- _STORED DATA_:
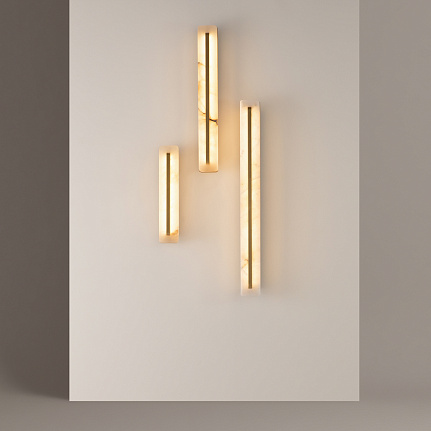 albatre-linear-wall-light-brass-18w-collection Albatre Linear Wall Light – Brass 18W with slim contemporary design and warm 3000K LED illumination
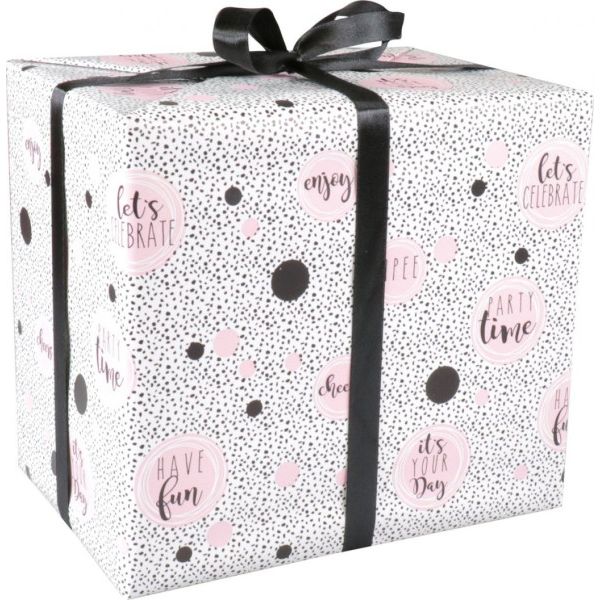 Klika - Geschenkpapier | 50cm | 100m | 80gr/m² | Partyzeit | weiß/schwarz/rosa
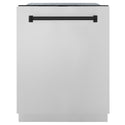 ZLINE Autograph Edition 24" Monument Series 3rd Rack Top Control Built-In Tall Tub Dishwasher in Stainless Steel with Matte Black Handle, 45dBa (DWMTZ-304-24-MB)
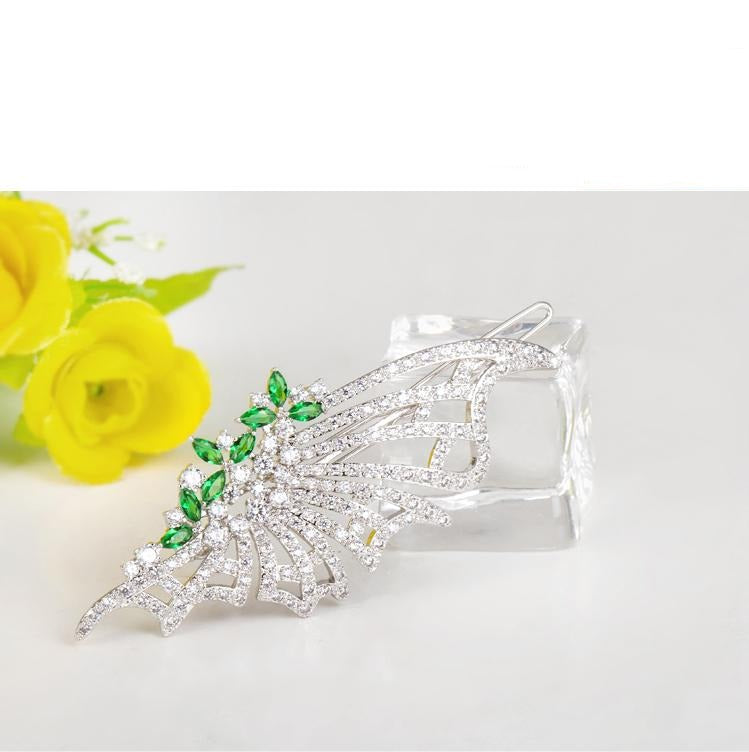 Fashion Rhodium Plated Butterfly Shaped Hair Clip For Women And Brides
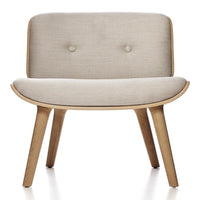 Light beige upholstered chair with subtle texture and natural wood legs, featuring a minimalist and modern design.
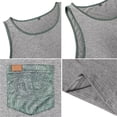 thumbnail image 5 of Men's Workout Sleeveless Tank Top Breathable Slim Fit Gym Tee Topographic Pattern Pocket Bodybuilding Tank Top, 5 of 8
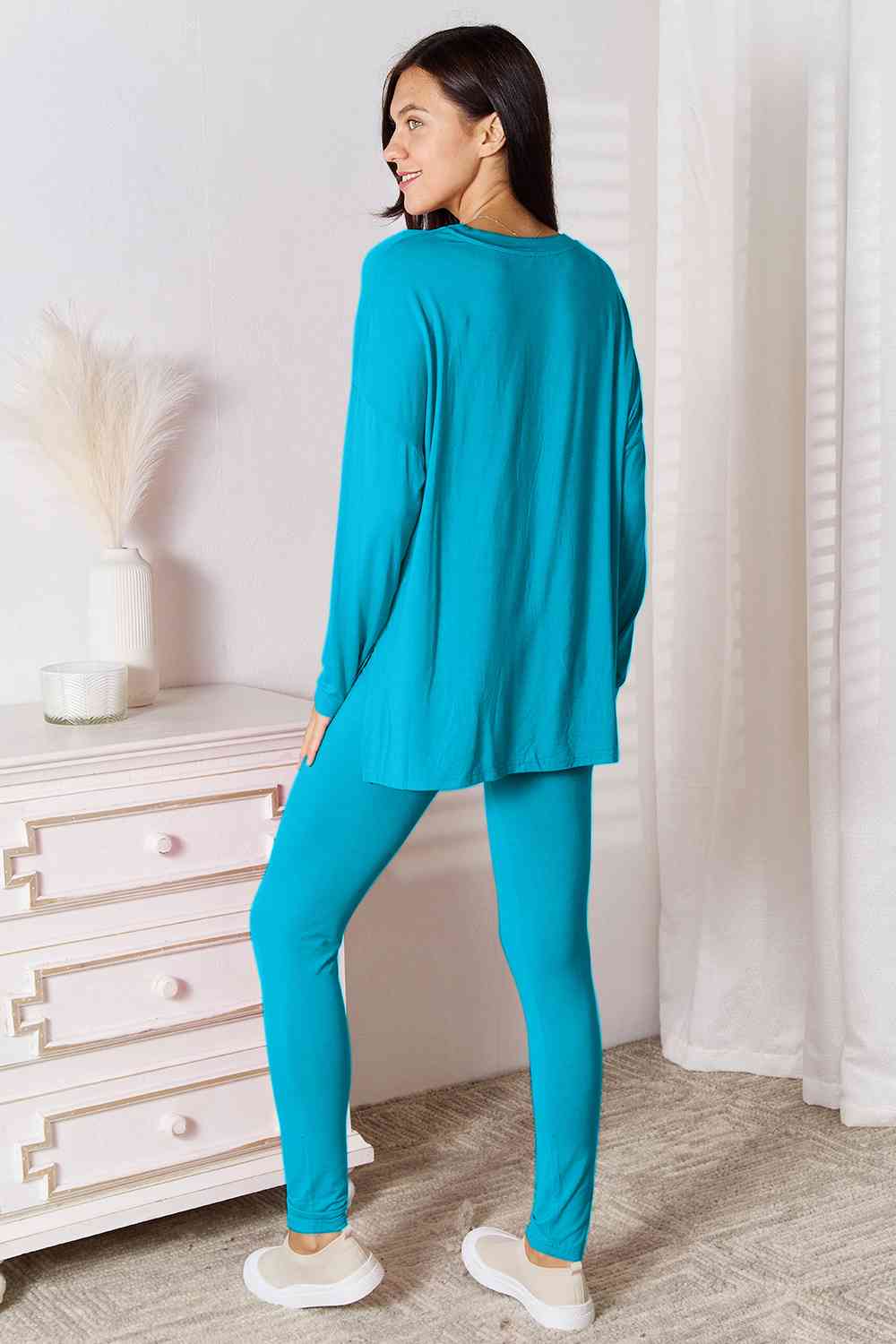 V-Neck Soft Rayon Long Sleeve Top and Pants Lounge Set - Bottoms - Outfit Sets - 12 - 2024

- _TASK ITEM_:
Word for word, restate the lines from the line containing "Fashion Rhodium Plated" through the end of the data, including the first and last of them. Pictures stay out.

- _ANSWER TO THIS TASK_:
 Fashion Rhodium Plated Butterfly Shaped Hair Clip For Women And Brides
 Light beige upholstered chair with subtle texture and natural wood legs, featuring a minimalist and modern design.
 thumbnail image 5 of Men's Workout Sleeveless Tank Top Breathable Slim Fit Gym Tee Topographic Pattern Pocket Bodybuilding Tank Top, 5 of 8
 V-Neck Soft Rayon Long Sleeve Top and Pants Lounge Set - Bottoms - Outfit Sets - 12 - 2024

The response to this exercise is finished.